Earlier this week, Google Research announced a breakthrough in “one-shot” machine translation. What this means is that Google Translate can now perform translations on unseen pairs of languages. Typically, a machine translation algorithm needs to be trained on each language pair, e.g. English <–> French and French <–> Spanish. But Google’s latest results can perform translations from, e.g., English <–> Korean by only being trained on pairs of other languages (see Google’s visual representation below). In essence, they are only training the machine on the “gist” of language or language relationships, rather than a specific pairing.

The Google team calls this “interlingua.” For linguists, this underlying abstract form has been the basis of their field since Chomsky’s earliest writings. “Deep Structure” or D-structure, is distinct from “Surface Structure,” or S-structure; where Deep Structure is something like the Platonic form, the S-structure is the concrete realization in the phonetic sounds of a sentence.

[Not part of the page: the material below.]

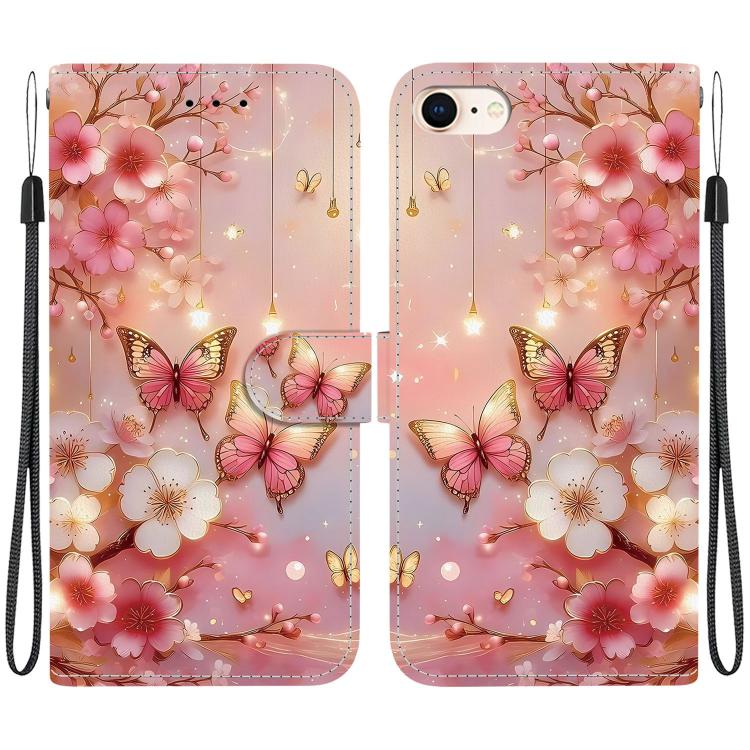 Crystal Texture Colored Drawing Leather Phone Case, For iPhone 14 Pro Max, For iPhone SE 2022 / SE 2020 / 8 / 7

For example, the sentences I love New York and New York is loved by me both have essentially the same meaning. According to Chomsky, the D-structure of both of these sentences is the same, and the deep structure is transformed in different ways en route to the different respective surface realizations.

The field of generative syntax has been primarily concerned with elucidating the rules and constraints that each and all languages undergo during this transformational process. If we can unwind these transformations, peeling back layer upon layer of surface structure, then we can uncover the deep structure underlying all of language.

And now, it’s my turn to be speculative: For the last 20 years, computational linguists have been trying to apply the rules and constraints of generative syntax to the computational tasks of natural language understanding and translation. However, rules-based accounts have been less successful than the more flexible probability-based algorithms. The result has been that many “language engineers” have become dismissive of the rules-based Chomskian community.

But if we (speculatively) assume that Google’s algorithms have uncovered an underlying interlingua, then perhaps this means that Chomsky’s notion of D-structure has been right all along, we’ve just been going about the process of uncovering it in the wrong way. Whereas generative syntacticians base most of their findings on patterns in a single language or single collection of languages, maybe the real findings lie in the space between languages, the glue that binds it all together.

Of course, the findings of many deep learning-based systems are notoriously difficult to suss apart, so we don’t really know what the features of this possible interlingua look like. While this is frustrating, I suppose it also means there is still plenty of work left for a budding computational linguist. And if we can start to elucidate the ties that linguistically bind us, maybe we can elucidate the ties that bind humanity, as well.